====== THE DATA

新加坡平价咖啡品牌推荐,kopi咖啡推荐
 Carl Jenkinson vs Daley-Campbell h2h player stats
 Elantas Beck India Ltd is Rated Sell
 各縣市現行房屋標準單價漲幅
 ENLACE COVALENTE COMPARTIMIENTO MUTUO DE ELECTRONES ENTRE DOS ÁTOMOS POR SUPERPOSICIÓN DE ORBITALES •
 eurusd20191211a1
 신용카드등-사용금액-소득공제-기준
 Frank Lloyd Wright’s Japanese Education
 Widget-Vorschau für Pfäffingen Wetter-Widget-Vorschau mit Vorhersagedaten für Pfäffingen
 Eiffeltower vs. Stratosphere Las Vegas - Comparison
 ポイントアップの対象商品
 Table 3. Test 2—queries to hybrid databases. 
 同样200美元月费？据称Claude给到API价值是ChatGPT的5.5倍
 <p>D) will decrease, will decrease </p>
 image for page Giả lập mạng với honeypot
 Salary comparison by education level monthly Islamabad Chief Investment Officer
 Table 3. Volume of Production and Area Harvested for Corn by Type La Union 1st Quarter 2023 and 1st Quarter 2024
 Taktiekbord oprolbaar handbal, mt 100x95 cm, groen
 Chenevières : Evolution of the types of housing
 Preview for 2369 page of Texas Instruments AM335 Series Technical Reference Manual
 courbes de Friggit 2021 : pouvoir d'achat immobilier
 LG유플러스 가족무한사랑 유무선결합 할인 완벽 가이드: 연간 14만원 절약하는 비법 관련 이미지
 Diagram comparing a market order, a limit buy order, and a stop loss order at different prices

============

(REQUIRED ACTION): Among the lines above, repeat exactly those from the line with "各縣市現行房屋標準單價漲幅" to the line with "Widget-Vorschau für Pfäffingen", counting both ends.

(EXERCISE SOLUTION):
 各縣市現行房屋標準單價漲幅
 ENLACE COVALENTE COMPARTIMIENTO MUTUO DE ELECTRONES ENTRE DOS ÁTOMOS POR SUPERPOSICIÓN DE ORBITALES •
 eurusd20191211a1
 신용카드등-사용금액-소득공제-기준
 Frank Lloyd Wright’s Japanese Education
 Widget-Vorschau für Pfäffingen Wetter-Widget-Vorschau mit Vorhersagedaten für Pfäffingen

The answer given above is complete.